Dolayısı ile "seyyiâtı isteyen, nefs-i insaniyedir-ya istidad ile, ya ihtiyâr ile" ifadesinde anlatılmak istenen istidat bu nevden olan istidatlardır.
Buradaki tanımı şöyle de açabiliriz.ınsan seyyiatı ister nefsi buna meyleder Cenab-ı Hakk onun için bu filli yaratır ve neticede ortaya seyyie çıkmış olur.Fakat bu ya istididaına bağlı olan bir seyyie olur veya ihtiyarına.mesela şeker hastalığı olan bir insan normalde yemesi kendisine haram olmayan şekerli bir şey yese ihtiyarı ile tamamen şer işlemiş olmasa da bedenin çabuk bozulma ve ya çürüme veya hastalanma gibi isidadından dolayı zarar görür.Hastalığını bildiği halde bedenin hastalanma istididadına muvafık davranmayışı ile seyyieye kendisi kaynak olur.Dolayısı ile mesuliyet de onda kalır.

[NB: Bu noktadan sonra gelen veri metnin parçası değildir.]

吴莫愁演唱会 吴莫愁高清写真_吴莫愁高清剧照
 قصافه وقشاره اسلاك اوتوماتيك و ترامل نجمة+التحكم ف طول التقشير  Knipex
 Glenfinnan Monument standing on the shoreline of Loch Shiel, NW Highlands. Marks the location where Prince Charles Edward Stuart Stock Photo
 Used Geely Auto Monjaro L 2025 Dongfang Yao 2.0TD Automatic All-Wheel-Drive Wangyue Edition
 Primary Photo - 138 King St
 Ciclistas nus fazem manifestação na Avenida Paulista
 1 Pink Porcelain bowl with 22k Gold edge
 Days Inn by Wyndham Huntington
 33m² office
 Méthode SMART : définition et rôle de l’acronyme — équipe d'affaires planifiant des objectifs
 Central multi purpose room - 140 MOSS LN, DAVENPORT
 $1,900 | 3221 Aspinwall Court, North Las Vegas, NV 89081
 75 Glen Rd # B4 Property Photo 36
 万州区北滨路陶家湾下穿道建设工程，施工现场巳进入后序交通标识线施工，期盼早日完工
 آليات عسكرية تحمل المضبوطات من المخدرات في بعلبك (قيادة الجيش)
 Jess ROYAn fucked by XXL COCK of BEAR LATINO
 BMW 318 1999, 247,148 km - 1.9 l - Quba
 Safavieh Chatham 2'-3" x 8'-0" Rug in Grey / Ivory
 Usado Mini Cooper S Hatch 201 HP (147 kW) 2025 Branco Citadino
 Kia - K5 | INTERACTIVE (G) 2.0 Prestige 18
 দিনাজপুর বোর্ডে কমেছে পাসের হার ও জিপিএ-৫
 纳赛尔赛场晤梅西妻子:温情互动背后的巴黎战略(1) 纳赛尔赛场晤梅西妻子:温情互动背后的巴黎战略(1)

Demek insan fiilerinde sadece haramdan kaçınma mesuliyetine değil adetulluha,hikmetlere ve fıtratlara(bunların içinde istidatlarda var) muvafık hareket etme mesuliyetine de sahiptir.Aksi halde seyyieye merci olur ve mesuliyetinden dolayı da hem bu dünyada hem öbür dünyada cezasını çeker.
Daha çok fazla şeylerle de açıklamak isterim ama fazla uzatmak istemedim.inşallah yardımcı olabilmişimdir.